*Exercise objective*
Where the line containing "Volvo S40 2.4i Image 6" appears in the entries below, begin there and output every line through the last, exactly, minus the pictures.

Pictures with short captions
■ ■ ■ ■
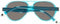 Zonnebril Heren Gant GR2003 58B39 ø 58 mm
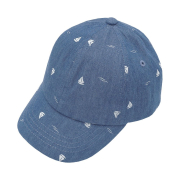 MINI P. nokamüts Paat 43503-119900, 0040 denimsinine
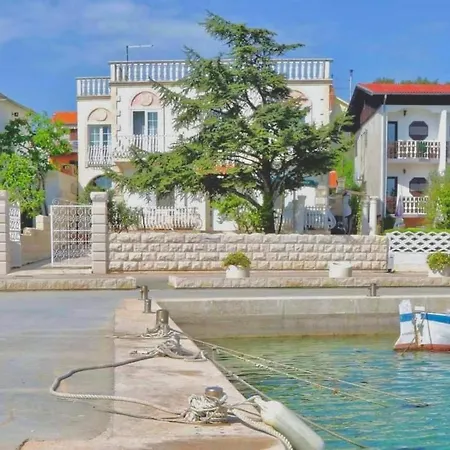 Appartamento Lovely Flower Small House For Two By The Sea *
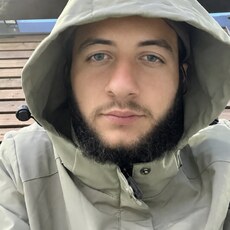 Фотография мужчины Али, 22 года из г. Тында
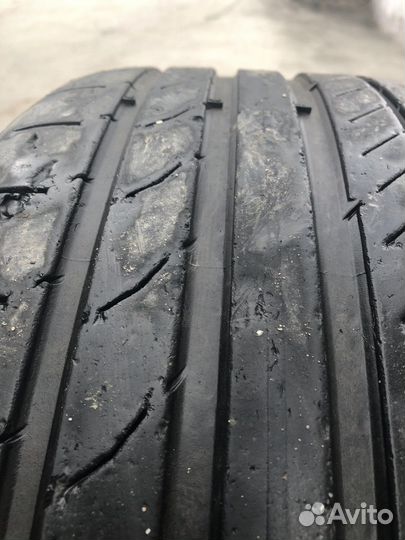 Continental ContiSportContact 5 225/40 R18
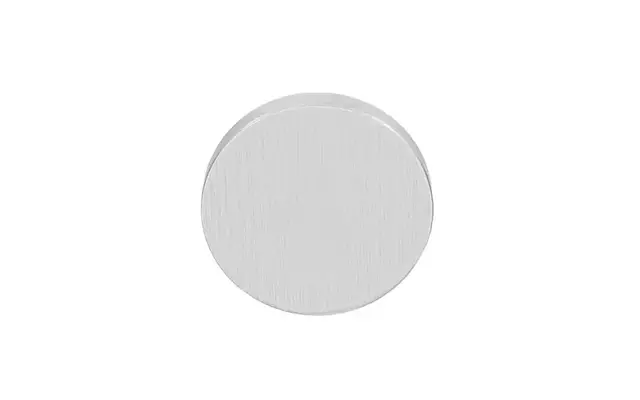 Blindrozet RVS Piet Boon Arc PBAB53
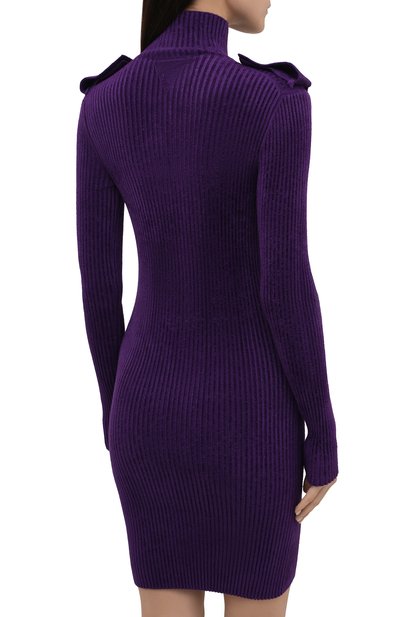 Платье BOTTEGA VENETA, арт. 678008/V1CP0, фото 4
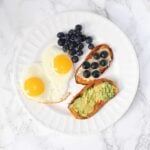 June Whole30 Week 2 Recap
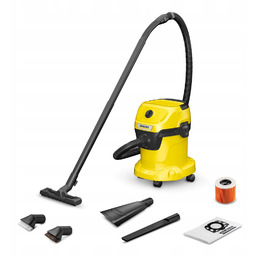 Odkurzacz uniwersalny Karcher Wd 3 V-15/4/20 Car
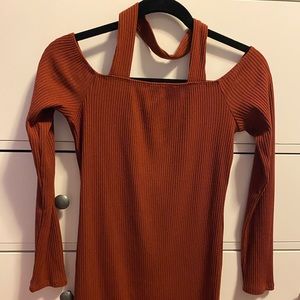 Forever 21 mini dress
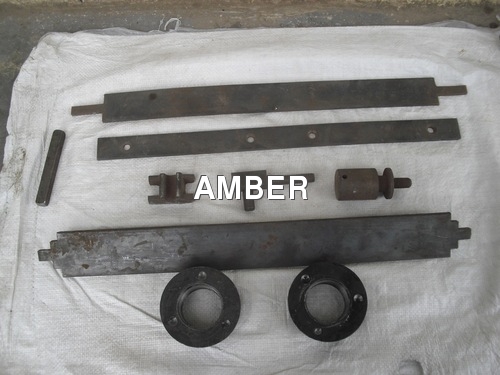 Rice Huller Spare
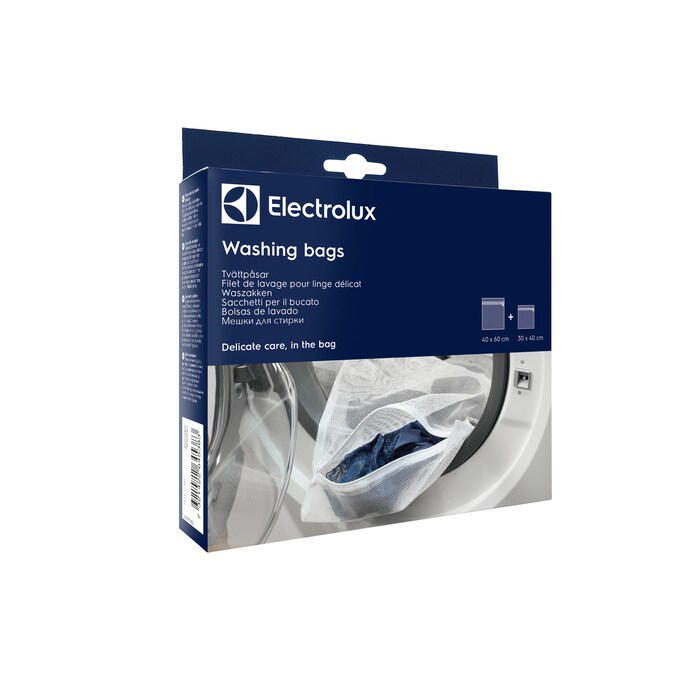 Electrolux - Mazgājams auduma maisiņš - E4WSWB41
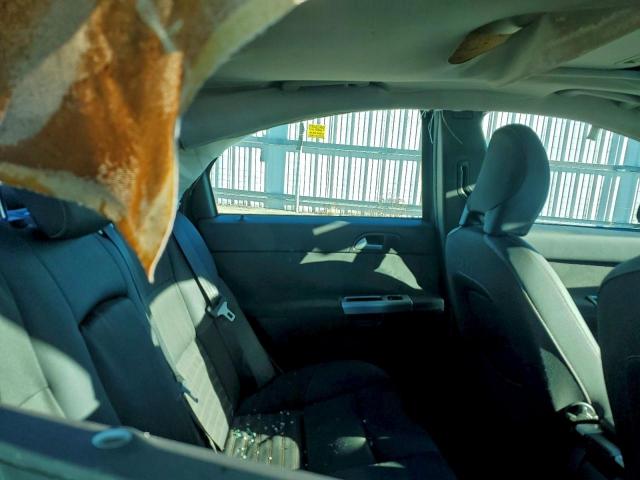 Volvo S40 2.4i Image 6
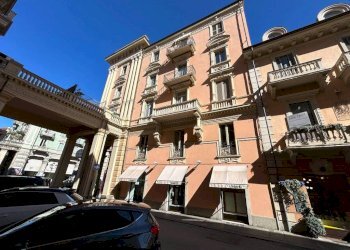 Facciata - Appartamento corso Nizza, 9, Cuneo (zona Centro) - foto 18
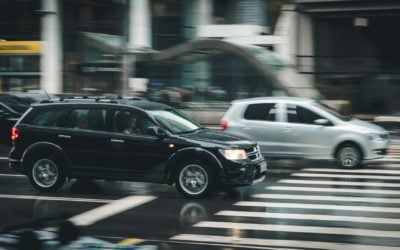 My Car Jerks When Accelerating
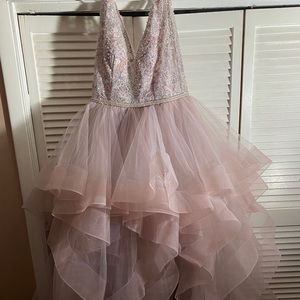Mac Duggal Ball Gown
■ ■ ■ ■
*Task output*
 Volvo S40 2.4i Image 6
 Facciata - Appartamento corso Nizza, 9, Cuneo (zona Centro) - foto 18
 My Car Jerks When Accelerating
Mac Duggal Ball Gown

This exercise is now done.